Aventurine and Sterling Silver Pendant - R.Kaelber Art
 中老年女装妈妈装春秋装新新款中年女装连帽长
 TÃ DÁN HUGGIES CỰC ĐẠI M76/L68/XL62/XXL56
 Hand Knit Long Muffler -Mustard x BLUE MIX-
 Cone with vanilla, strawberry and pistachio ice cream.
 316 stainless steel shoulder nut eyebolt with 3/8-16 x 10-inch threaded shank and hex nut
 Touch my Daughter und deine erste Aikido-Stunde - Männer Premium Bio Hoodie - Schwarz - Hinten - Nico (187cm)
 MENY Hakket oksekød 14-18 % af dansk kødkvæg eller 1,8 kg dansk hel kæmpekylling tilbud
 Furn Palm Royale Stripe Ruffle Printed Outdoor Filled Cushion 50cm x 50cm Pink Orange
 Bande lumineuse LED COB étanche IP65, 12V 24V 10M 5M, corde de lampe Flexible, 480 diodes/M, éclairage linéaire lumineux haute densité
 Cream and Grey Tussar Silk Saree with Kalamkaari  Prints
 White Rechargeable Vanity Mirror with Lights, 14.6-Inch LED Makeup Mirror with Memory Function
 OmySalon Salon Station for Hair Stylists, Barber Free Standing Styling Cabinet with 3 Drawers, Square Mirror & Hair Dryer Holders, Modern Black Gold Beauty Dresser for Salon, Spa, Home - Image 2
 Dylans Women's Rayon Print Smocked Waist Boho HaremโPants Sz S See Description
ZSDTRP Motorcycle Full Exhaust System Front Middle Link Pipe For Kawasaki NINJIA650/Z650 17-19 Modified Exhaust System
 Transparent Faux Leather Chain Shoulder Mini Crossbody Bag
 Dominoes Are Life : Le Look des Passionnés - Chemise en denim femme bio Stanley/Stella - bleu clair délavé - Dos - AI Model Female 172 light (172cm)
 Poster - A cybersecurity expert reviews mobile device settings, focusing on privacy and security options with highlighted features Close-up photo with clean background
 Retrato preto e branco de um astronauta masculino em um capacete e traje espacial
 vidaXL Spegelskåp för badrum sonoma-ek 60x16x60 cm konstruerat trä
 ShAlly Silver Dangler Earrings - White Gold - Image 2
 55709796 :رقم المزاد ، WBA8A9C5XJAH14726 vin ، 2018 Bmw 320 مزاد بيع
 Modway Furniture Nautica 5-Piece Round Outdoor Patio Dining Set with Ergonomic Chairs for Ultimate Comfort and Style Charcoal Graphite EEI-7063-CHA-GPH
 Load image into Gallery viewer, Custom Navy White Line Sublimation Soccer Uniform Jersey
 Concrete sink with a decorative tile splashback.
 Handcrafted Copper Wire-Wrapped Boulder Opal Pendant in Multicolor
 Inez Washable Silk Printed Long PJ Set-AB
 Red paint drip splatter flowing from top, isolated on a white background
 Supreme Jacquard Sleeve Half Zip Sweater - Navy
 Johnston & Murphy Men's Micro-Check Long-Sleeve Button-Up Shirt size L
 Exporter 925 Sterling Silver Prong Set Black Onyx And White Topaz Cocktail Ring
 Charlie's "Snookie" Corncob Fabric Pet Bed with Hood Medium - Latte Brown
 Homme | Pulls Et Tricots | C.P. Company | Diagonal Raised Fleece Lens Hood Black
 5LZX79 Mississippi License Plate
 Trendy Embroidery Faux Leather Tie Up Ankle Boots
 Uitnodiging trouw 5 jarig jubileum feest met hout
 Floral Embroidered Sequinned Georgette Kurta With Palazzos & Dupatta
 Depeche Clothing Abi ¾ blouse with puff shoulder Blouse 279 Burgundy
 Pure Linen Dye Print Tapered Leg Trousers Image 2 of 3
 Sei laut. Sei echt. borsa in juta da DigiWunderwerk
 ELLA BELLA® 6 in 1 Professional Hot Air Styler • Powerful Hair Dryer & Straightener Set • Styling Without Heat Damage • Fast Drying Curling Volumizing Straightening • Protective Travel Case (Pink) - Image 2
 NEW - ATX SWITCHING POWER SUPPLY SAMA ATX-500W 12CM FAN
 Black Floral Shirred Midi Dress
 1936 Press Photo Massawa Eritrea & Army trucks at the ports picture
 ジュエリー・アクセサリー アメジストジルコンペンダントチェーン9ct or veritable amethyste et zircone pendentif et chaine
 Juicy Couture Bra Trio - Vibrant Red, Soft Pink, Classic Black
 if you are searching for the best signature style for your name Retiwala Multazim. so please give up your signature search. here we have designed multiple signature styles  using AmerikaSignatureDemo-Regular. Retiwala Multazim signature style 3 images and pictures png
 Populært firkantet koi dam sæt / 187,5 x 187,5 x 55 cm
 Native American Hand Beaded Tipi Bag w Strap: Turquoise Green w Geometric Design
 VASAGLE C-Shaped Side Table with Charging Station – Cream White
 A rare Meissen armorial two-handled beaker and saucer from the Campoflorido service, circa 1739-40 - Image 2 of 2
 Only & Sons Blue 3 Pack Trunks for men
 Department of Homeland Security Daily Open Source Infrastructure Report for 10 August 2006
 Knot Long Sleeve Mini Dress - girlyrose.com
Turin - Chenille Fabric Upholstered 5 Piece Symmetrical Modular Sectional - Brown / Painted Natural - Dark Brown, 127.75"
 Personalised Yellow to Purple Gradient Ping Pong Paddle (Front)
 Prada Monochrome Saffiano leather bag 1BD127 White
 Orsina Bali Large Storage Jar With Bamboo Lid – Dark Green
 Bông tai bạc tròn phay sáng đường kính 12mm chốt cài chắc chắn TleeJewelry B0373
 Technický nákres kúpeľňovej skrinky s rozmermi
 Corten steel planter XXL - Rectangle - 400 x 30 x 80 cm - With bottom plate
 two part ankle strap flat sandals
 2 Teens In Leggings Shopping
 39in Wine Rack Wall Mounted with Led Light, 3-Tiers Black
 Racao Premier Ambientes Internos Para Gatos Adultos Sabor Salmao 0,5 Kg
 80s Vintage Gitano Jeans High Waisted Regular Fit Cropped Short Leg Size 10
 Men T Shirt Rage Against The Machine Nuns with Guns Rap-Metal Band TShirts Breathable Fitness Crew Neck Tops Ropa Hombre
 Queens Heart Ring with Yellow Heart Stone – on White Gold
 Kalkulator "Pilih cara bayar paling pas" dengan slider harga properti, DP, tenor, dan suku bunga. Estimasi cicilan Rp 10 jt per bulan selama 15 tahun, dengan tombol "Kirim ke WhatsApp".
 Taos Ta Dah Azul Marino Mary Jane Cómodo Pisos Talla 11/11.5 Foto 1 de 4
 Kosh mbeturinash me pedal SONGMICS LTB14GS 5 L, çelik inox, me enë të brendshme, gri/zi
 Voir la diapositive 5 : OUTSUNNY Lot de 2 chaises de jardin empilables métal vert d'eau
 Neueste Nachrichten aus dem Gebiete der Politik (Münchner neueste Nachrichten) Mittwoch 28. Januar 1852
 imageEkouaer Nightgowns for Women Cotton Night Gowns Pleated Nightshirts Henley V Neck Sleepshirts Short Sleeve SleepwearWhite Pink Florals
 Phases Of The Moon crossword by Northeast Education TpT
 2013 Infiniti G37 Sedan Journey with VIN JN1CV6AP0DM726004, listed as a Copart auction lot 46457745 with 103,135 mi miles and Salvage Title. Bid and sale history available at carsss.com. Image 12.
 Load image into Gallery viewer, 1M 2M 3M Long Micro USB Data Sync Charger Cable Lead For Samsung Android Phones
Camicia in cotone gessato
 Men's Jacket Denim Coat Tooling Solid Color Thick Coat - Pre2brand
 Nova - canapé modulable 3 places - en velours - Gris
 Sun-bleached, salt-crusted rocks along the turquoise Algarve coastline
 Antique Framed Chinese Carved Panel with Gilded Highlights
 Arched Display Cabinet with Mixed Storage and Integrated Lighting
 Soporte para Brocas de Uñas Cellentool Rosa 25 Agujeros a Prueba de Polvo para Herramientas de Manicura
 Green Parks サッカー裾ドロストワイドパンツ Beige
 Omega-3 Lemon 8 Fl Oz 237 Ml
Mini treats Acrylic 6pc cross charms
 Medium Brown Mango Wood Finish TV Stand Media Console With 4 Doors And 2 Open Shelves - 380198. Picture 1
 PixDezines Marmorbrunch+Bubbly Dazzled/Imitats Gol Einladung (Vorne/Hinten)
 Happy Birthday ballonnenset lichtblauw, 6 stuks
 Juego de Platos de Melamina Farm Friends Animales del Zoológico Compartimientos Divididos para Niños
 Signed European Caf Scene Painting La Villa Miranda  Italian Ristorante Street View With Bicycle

* * * *

◆ **Work to complete**: In the listing above, find the line containing "imageEkouaer Nightgowns for" and the line containing "Arched Display Cabinet", then quote both, plus every line between them, exactly as written.

◆ **Expected answer**:
 imageEkouaer Nightgowns for Women Cotton Night Gowns Pleated Nightshirts Henley V Neck Sleepshirts Short Sleeve SleepwearWhite Pink Florals
 Phases Of The Moon crossword by Northeast Education TpT
 2013 Infiniti G37 Sedan Journey with VIN JN1CV6AP0DM726004, listed as a Copart auction lot 46457745 with 103,135 mi miles and Salvage Title. Bid and sale history available at carsss.com. Image 12.
 Load image into Gallery viewer, 1M 2M 3M Long Micro USB Data Sync Charger Cable Lead For Samsung Android Phones
Camicia in cotone gessato
 Men's Jacket Denim Coat Tooling Solid Color Thick Coat - Pre2brand
 Nova - canapé modulable 3 places - en velours - Gris
 Sun-bleached, salt-crusted rocks along the turquoise Algarve coastline
 Antique Framed Chinese Carved Panel with Gilded Highlights
 Arched Display Cabinet with Mixed Storage and Integrated Lighting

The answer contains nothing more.